Perhatian: Ikuti secara visual koneksi nama node di netlist SPICE yang ditulis oleh AI. Kesalahan paling umum adalah menghubungkan komponen ke node yang salah atau melupakan node ground (0). Sekalipun netlist tampak "berfungsi", mungkin ia sedang melakukan simulasi sirkuit yang salah.

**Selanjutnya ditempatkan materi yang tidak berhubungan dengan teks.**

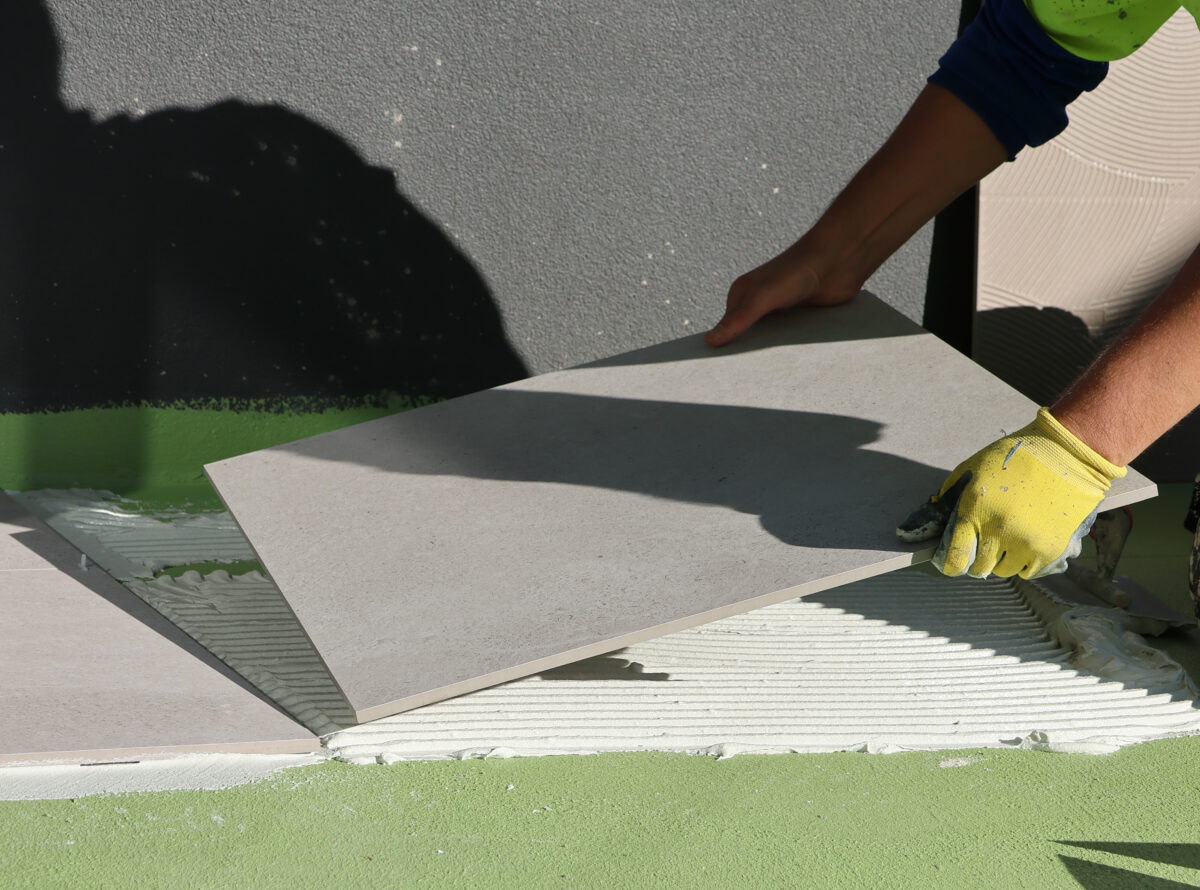 From Preparation to Grouting: How a Professional Tiling Project Works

Menangkap Kesalahan Topologi

Terkadang AI memberikan nilai komponen dengan benar tetapi salah mengatur topologi: menghubungkan kaki umpan balik ke belakang, menggerakkan op-amp dari input yang salah, atau melupakan kapasitor bypass suplai. Cara untuk menangkapnya adalah dengan menggambar ulang sirkuit dengan tangan Anda sendiri dan mengikutinya titik demi titik. “Itulah yang dikatakan AI” tidak membenarkan suatu topologi; Anda harus memverifikasi logika pengoperasian rangkaian.

Kasus Mini

Perancang analog Kaan memiliki rangkaian op-amp pembalik yang dirancang untuk memperkuat sinyal sensor. AI merekomendasikan R_in = 1 kΩ dan R_f = 220 kΩ; dapatkan −220. Kaan melihat datasheet: GBW op-amp yang dipilih adalah 1 MHz. Pada gain 220 bandwidth hanya tersisa pada ~4,5 kHz, padahal perlu melewatkan sinyal hingga 20 kHz. Kaan memilih op-amp dengan GBW lebih tinggi atau membagi penguatan menjadi dua tahap. AI menghitung dengan benar; Namun Kaan mencapai batas fisiknya. Pelajaran: Rumus penguatan AI mungkin benar, tetapi Anda mengontrol batas sebenarnya komponen dari lembar data.

Kesalahan Umum

  • Menggunakan nilai yang diberikan oleh AI terlepas dari apakah itu dalam seri standar atau tidak.
  • Mengabaikan disipasi daya resistor dan ketahanan tegangan kapasitor.
  • Menghitung penguatan op-amp dan melupakan batas GBW/laju perubahan tegangan.
  • Mempercayai hasilnya tanpa memverifikasi netlist SPICE secara visual.
  • Melewati node ground atau memotong kapasitor.
  • Menerima topologi tanpa mempertanyakan, "Beginilah cara AI membangunnya."

Singkatnya

  • Masalah distrukturkan menjadi AI dengan memisahkan masalah rangkaian menjadi asumsi, pencarian, dan batasan.
  • Verifikasi setiap nilai resistansi/kapasitansi dengan seri standar, peringkat daya dan tegangan.
  • Periksa batas fisik seperti GBW, laju perubahan tegangan dan kesenjangan umpan dalam perhitungan penguatan.
  • Verifikasi keluaran AI dengan perhitungan tangan dan SPICE dalam dua cara independen.
  • Amati netlist dan topologi node demi node; Kesalahan paling umum adalah koneksi yang salah.
  • Meskipun perhitungannya benar, teknisi memverifikasi batas fisik dan topologi.

Tugas aplikasi

Pilih rangkaian sederhana (filter RC, pembagi tegangan, atau penguat pembalik). Mintalah AI untuk nilai komponen dan netlist SPICE. Kemudian: (1) menghitung frekuensi cutoff/gain/output secara manual, (2) menjalankan netlist di alat SPICE, (3) membandingkan kedua hasil dan apakah komponen yang dipilih berada dalam seri standar. Jika Anda menemukan ketidakcocokan, identifikasi sumbernya (rumus, pengikatan netlist, atau pembulatan nilai) dan perbaiki.